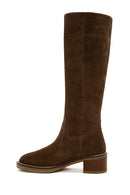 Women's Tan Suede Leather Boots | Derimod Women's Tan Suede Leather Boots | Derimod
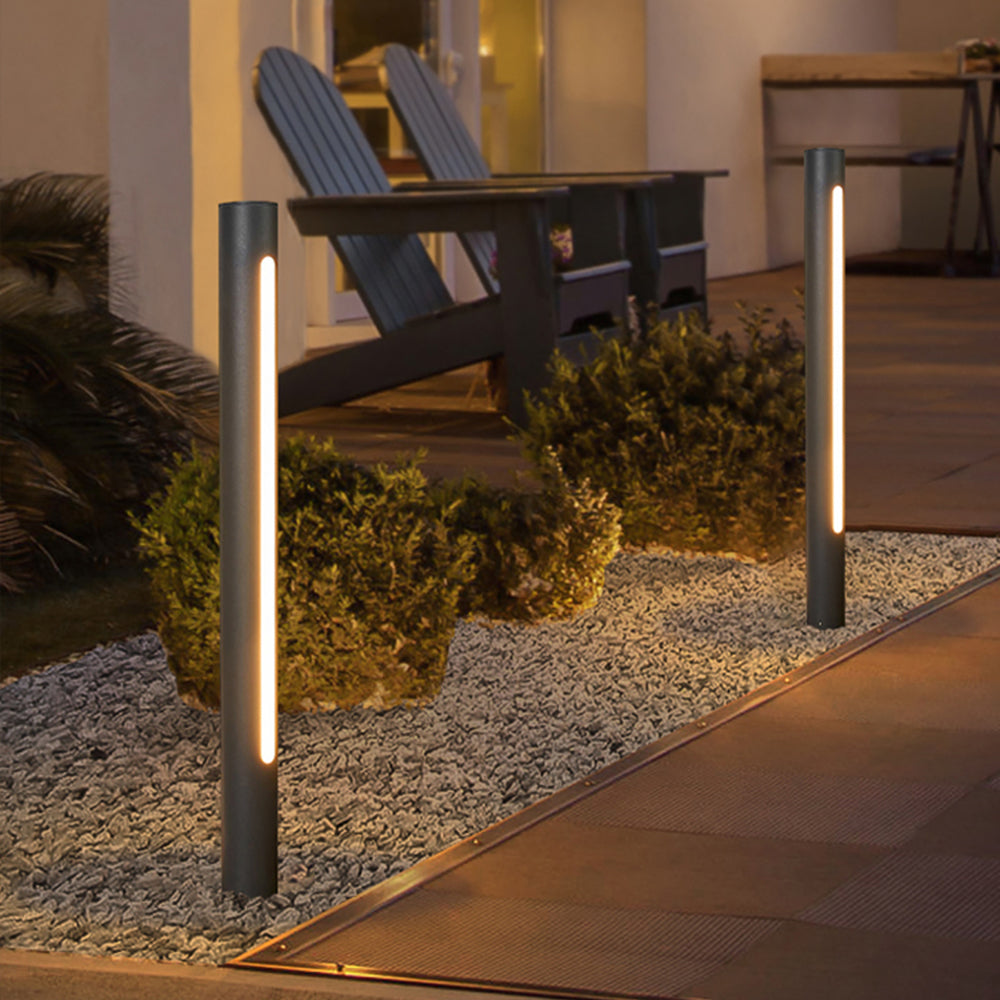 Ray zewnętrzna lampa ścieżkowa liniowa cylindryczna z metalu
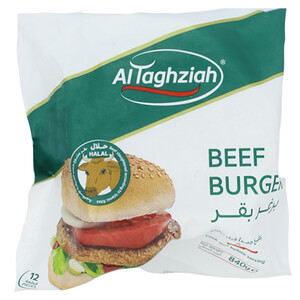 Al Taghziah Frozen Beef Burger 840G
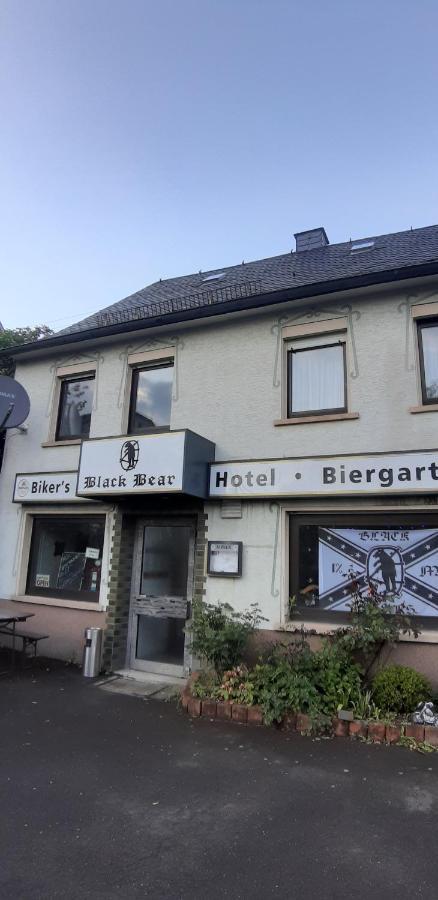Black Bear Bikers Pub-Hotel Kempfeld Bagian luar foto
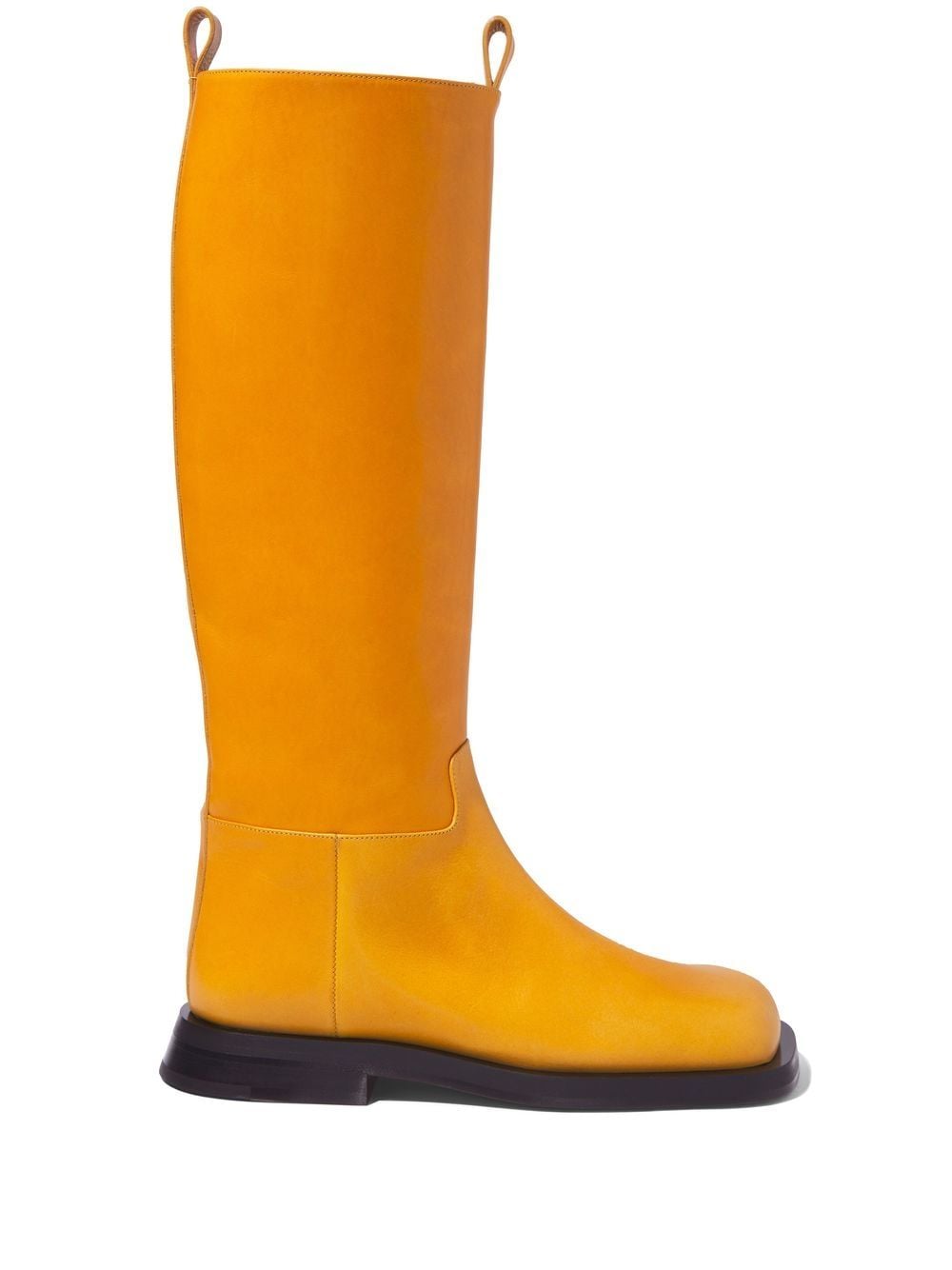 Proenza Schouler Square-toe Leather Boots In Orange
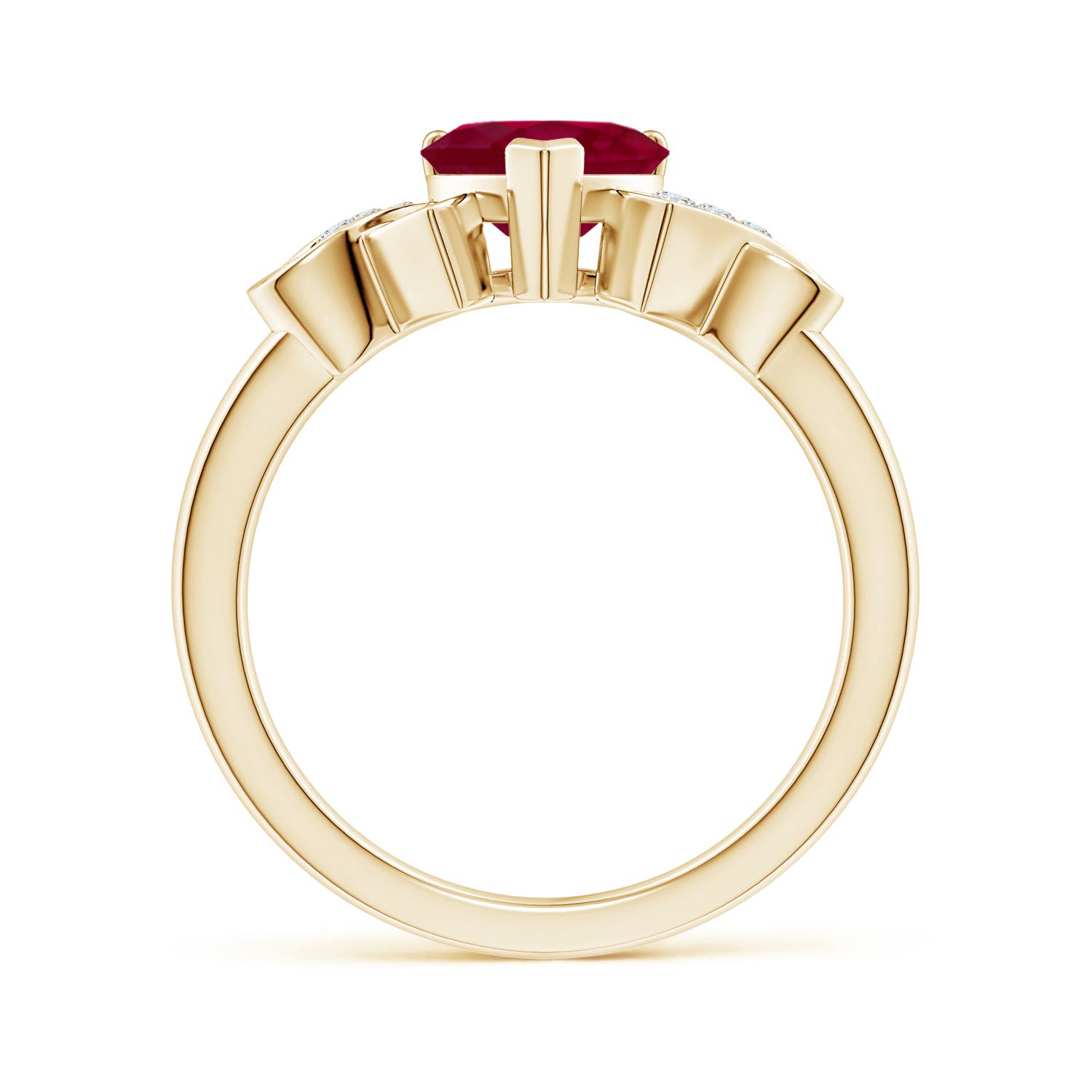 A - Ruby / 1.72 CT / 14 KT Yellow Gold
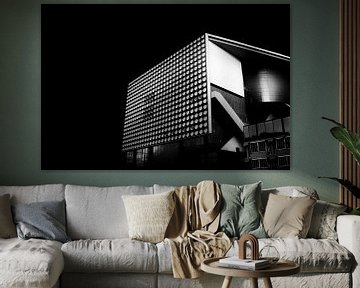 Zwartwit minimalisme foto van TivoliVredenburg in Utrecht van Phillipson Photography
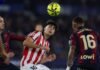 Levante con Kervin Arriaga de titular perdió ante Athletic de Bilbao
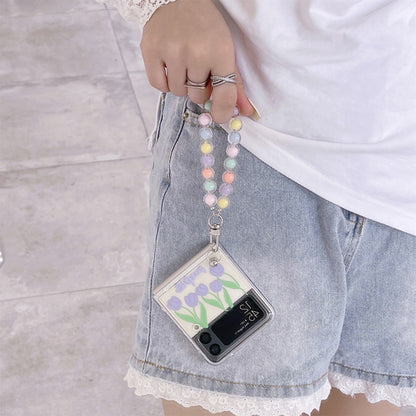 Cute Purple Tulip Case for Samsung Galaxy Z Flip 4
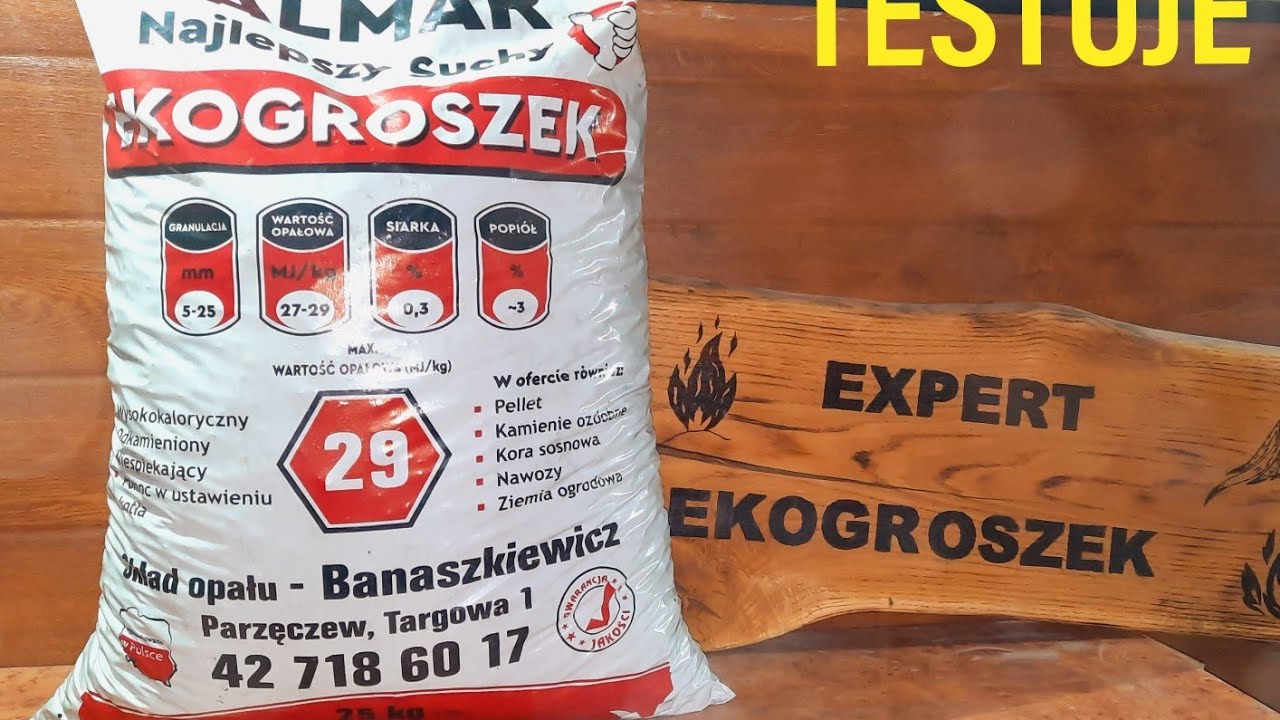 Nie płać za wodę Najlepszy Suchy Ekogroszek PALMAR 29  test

────────────────────

=== WHAT YOU WILL DO ===
The line containing "Levante con Kervin" and every line after it, through the end of the data, are to be output exactly. Omit the pictures.

=== RESULT OF THIS TASK ===
 Levante con Kervin Arriaga de titular perdió ante Athletic de Bilbao
 Cute Purple Tulip Case for Samsung Galaxy Z Flip 4
 Nie płać za wodę Najlepszy Suchy Ekogroszek PALMAR 29  test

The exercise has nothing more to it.